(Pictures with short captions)
━━━━━━━━━━━━━━━━━━━━━━━━━━━━━━
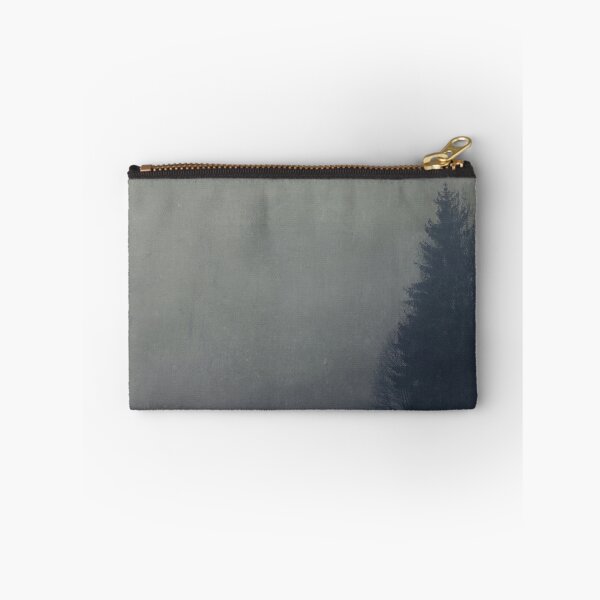 Item preview, Gloomy Forest designed and sold by Svarta.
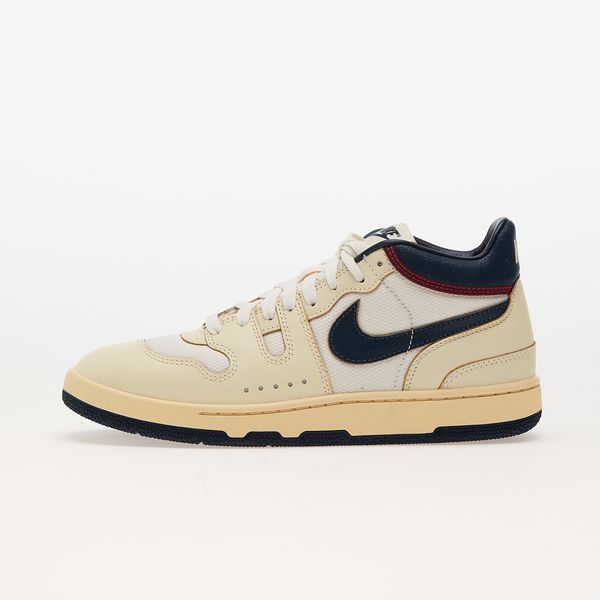 Nike Nike Attack Prm Sail/ Midnight Navy-Coconut Milk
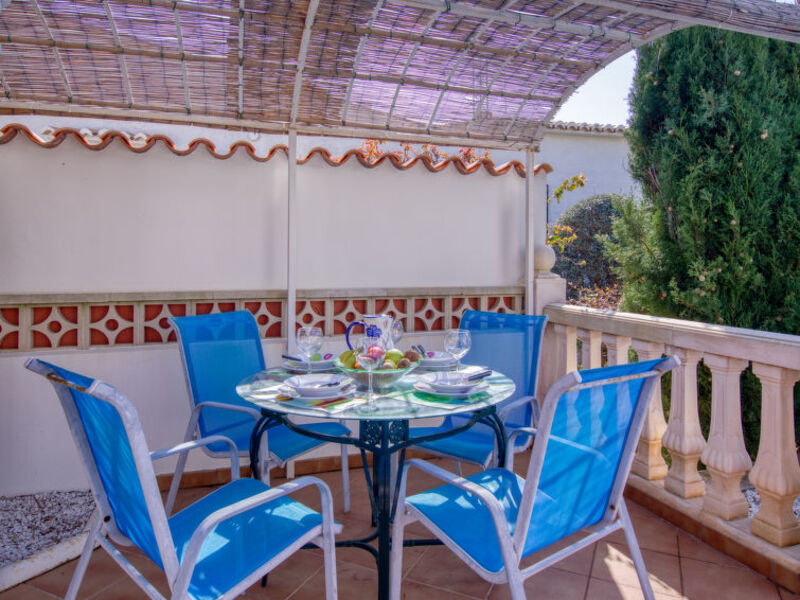 Balcon Al Mar (683)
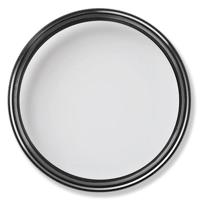 Zeiss 77mm UV protect T* multicoated filter - thumbnail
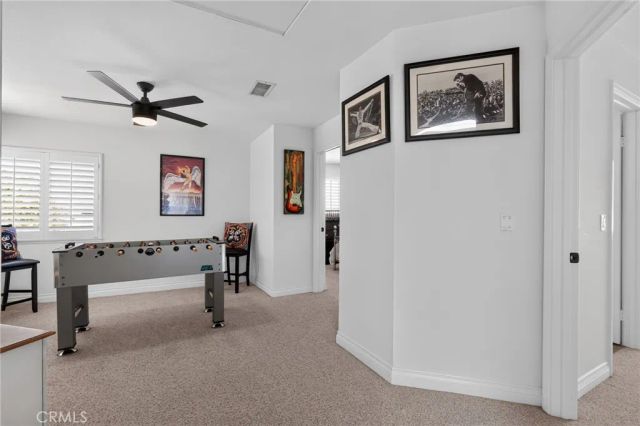 25063 Hollyhock Court, Stevenson Ranch, CA 91381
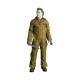 Halloween 2007 Action Figure 1/6 Michael Myers 30 cm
━━━━━━━━━━━━━━━━━━━━━━━━━━━━━━
Which lines run from the one containing "Nike Nike Attack" to the end of the entries above? Write them out exactly, leaving out every picture.

• Task result:
 Nike Nike Attack Prm Sail/ Midnight Navy-Coconut Milk
 Balcon Al Mar (683)
 Zeiss 77mm UV protect T* multicoated filter - thumbnail
 25063 Hollyhock Court, Stevenson Ranch, CA 91381
 Halloween 2007 Action Figure 1/6 Michael Myers 30 cm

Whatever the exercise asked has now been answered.